Return exactly the lines below, starting with the one that has "Two square throw" and going on through the one that has "A silver-toned Southwestern-style".

*** Opening of Extracted records ***

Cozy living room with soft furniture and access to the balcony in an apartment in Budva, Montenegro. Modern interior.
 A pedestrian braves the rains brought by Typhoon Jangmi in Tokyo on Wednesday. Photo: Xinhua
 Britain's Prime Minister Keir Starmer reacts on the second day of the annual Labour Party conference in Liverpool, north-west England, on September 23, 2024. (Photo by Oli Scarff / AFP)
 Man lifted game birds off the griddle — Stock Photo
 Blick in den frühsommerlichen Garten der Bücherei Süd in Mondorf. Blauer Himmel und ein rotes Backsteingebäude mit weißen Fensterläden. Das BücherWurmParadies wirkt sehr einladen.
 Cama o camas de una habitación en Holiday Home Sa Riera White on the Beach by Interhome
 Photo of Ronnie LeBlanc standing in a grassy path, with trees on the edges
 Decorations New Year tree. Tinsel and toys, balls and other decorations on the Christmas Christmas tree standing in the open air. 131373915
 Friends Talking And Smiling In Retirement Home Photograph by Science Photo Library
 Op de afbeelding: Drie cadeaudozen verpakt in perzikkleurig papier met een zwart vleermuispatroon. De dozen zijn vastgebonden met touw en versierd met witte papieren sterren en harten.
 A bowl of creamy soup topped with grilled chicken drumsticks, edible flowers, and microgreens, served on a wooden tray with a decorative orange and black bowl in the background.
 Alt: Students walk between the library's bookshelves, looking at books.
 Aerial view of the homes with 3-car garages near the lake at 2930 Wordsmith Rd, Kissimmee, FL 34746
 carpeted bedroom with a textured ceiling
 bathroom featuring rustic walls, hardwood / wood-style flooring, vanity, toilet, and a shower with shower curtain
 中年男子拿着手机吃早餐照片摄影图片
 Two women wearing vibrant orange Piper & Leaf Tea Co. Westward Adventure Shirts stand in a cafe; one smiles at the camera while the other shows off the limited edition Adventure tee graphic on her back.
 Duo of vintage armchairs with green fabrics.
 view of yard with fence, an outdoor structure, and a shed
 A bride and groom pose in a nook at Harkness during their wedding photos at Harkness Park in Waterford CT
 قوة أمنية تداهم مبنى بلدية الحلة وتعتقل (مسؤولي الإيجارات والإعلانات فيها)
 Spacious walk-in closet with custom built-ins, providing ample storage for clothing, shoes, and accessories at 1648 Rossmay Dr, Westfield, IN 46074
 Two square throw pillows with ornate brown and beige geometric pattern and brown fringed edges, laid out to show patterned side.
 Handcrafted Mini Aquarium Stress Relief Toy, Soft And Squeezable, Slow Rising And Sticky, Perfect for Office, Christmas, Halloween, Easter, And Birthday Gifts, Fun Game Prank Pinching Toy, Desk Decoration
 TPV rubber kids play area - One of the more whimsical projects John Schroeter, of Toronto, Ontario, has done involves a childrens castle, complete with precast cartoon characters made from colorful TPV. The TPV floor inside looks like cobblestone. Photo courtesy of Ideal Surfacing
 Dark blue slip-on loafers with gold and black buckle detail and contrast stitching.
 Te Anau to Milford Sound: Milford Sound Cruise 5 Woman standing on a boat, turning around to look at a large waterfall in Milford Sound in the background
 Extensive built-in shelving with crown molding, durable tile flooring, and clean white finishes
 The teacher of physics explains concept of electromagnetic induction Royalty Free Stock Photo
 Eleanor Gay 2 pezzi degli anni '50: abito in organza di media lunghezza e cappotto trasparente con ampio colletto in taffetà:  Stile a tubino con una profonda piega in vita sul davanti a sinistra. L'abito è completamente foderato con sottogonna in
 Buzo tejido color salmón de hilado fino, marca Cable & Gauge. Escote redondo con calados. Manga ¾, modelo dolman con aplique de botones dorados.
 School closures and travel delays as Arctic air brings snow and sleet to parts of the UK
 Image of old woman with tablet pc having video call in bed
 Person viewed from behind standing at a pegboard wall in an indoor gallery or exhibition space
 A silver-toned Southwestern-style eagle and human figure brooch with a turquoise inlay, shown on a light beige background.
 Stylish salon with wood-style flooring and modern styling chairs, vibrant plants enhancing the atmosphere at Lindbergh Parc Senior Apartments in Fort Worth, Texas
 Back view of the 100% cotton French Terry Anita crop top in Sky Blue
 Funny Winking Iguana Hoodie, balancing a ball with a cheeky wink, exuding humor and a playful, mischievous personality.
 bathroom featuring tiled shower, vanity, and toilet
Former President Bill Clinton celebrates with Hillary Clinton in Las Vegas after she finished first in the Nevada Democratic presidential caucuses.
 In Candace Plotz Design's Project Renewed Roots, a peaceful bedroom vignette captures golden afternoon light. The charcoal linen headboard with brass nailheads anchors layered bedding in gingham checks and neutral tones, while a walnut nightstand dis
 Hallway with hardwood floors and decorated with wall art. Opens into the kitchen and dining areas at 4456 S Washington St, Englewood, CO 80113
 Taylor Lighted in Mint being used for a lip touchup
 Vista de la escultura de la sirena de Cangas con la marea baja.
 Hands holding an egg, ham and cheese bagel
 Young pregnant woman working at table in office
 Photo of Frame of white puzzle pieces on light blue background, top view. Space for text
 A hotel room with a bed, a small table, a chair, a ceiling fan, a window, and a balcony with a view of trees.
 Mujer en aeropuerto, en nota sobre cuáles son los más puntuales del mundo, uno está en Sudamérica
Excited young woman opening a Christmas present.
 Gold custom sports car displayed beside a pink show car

*** Close of Extracted records ***

§ **Solution to this problem**
 Two square throw pillows with ornate brown and beige geometric pattern and brown fringed edges, laid out to show patterned side.
 Handcrafted Mini Aquarium Stress Relief Toy, Soft And Squeezable, Slow Rising And Sticky, Perfect for Office, Christmas, Halloween, Easter, And Birthday Gifts, Fun Game Prank Pinching Toy, Desk Decoration
 TPV rubber kids play area - One of the more whimsical projects John Schroeter, of Toronto, Ontario, has done involves a childrens castle, complete with precast cartoon characters made from colorful TPV. The TPV floor inside looks like cobblestone. Photo courtesy of Ideal Surfacing
 Dark blue slip-on loafers with gold and black buckle detail and contrast stitching.
 Te Anau to Milford Sound: Milford Sound Cruise 5 Woman standing on a boat, turning around to look at a large waterfall in Milford Sound in the background
 Extensive built-in shelving with crown molding, durable tile flooring, and clean white finishes
 The teacher of physics explains concept of electromagnetic induction Royalty Free Stock Photo
 Eleanor Gay 2 pezzi degli anni '50: abito in organza di media lunghezza e cappotto trasparente con ampio colletto in taffetà:  Stile a tubino con una profonda piega in vita sul davanti a sinistra. L'abito è completamente foderato con sottogonna in
 Buzo tejido color salmón de hilado fino, marca Cable & Gauge. Escote redondo con calados. Manga ¾, modelo dolman con aplique de botones dorados.
 School closures and travel delays as Arctic air brings snow and sleet to parts of the UK
 Image of old woman with tablet pc having video call in bed
 Person viewed from behind standing at a pegboard wall in an indoor gallery or exhibition space
 A silver-toned Southwestern-style eagle and human figure brooch with a turquoise inlay, shown on a light beige background.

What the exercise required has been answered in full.